#### Study material ####

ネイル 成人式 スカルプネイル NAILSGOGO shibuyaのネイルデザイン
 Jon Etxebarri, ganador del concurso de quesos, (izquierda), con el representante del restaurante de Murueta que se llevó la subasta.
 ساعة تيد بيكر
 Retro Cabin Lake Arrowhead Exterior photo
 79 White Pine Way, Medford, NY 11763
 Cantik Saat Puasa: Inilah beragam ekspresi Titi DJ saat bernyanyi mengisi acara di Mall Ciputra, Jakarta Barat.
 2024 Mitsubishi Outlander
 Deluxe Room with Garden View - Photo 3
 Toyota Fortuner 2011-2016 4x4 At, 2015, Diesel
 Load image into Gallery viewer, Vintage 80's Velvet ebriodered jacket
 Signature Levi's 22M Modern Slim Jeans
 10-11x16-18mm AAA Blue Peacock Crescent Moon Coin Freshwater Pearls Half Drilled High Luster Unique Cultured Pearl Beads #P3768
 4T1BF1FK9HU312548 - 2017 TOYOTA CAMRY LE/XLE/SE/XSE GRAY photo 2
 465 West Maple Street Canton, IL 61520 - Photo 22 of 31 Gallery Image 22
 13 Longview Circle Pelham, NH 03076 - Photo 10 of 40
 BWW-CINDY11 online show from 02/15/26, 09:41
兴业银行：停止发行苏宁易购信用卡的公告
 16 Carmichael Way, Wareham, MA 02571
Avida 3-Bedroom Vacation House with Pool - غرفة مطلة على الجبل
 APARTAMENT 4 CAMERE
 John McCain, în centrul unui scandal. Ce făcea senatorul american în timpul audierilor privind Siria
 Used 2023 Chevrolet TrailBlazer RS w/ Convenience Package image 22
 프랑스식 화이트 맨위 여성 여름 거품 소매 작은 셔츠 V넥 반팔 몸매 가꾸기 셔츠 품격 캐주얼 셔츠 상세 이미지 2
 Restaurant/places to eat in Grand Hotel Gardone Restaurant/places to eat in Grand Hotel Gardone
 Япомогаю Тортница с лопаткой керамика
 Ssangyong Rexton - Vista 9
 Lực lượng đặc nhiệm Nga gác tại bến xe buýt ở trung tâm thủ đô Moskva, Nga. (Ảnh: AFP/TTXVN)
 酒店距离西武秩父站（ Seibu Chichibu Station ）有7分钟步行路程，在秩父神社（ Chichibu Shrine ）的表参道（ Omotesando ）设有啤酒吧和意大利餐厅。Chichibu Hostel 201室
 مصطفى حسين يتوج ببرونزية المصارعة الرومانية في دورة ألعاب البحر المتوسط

####

- [Problem requirements]
The lines above may hold the string "with". Say how many do, and give only that number.

- [Task answer]
2